# Fallen out of love



## In limbo (Apr 4, 2010)

This is my first time posting. This year will be 21 years married - this is my second marriage - the first time I was young and it lasted only a year. We are good friends now but it took some growing up. Then I met a man who was the total opposite of me and married him. Whatever the reason or the rhyme, I don't feel any "love" for him anymore. I don't want to hug him, hold him, hold his hand or make love. I am tired of laying there hoping it would soon be over. But I want to hold hands with a man, hug him, kiss him and make love to him. I want to sit on the couch and watch a movie with him. I want to have that look with someone that you can't get enought of them. I am so hurting inside. I hate this situation. If finances were different I would leave. My husband keeps telling me he loves me and that I'm pretty but it doesn't do anything for me or make me feel differently. I know he wants to have sex or even some kind of contact but I just don't feel that way towards him. If finances were different I would leave right now but I can't. I guess what I want to know is is this what happens after 20 years? You just do it to satisfy the other and then go about your daily lives. Work, school, church, vacations, holidays, etc. and don't have that "loving" feeling. I guess I want that fairy tale ending. Please someone help me figure this out.


----------



## Carefulthoughts (Jan 21, 2010)

Honestly it sounds like your husband is the one about relationships , marriage , and happy endings. You seem to only be about yourself which doesn't make a marriage or relationship. I bet your unhappiness is from something within yourself and nothing to do with him. 

I don't think running away from a marriage you partly caused will bring you any happiness because you don't understand why you even feel the way you do. 

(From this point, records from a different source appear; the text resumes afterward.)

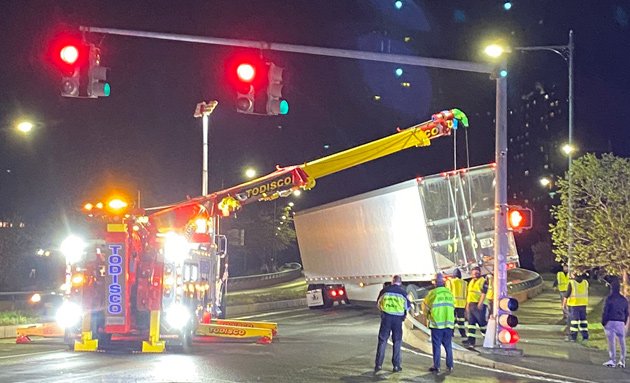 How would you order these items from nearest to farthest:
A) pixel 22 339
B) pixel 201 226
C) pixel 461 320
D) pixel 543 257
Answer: pixel 22 339 → pixel 201 226 → pixel 461 320 → pixel 543 257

I think you owe it to him to search within yourself to why your really unhappy. Your post doesn't say you have tried to do anything to change your situation other then you want to run away. Running is easy and normally gets you no where in the end.


----------



## OneMarriedGuy (Apr 5, 2010)

Careful thoughts - I'm not sure if wanting to be happy yourself really constitutes being selfish...

Me thinks you both need to reconnect. Women are better relationship barometers than guys. Guys may wish things were better but just figure they are OK and that is that way things are.

You may find your husband feels a bit the same way as you do. You may just need to listen to each other more, go out on date.s "You never take me out" is not maybe the best way to approach this  - maybe make a date and tell him you picked it out because you wanted to spend more time with him.

Going to counseling doesn't mean there is something wrong with you, it means you want to make your situation better. I've certainly spent moneey on worse things


----------



## turnera (Jan 22, 2010)

How many hours each week do you spend together doing non-kid, non-work things? To stay in love, you have to act like you're in love - go on dates, talk to each other, share interests, do new things together...generally just 'feel good' together. If you aren't doing this, of course you will feel out of love.

It takes work. 

But just leaving this marriage won't fix that. You'll fall 'out of love' with the next guy, too, if you don't put some work into it.

Question: What has changed in the last 6 months? Are you taking a class? New job? New thing for the kids you're going to? What's changed?


----------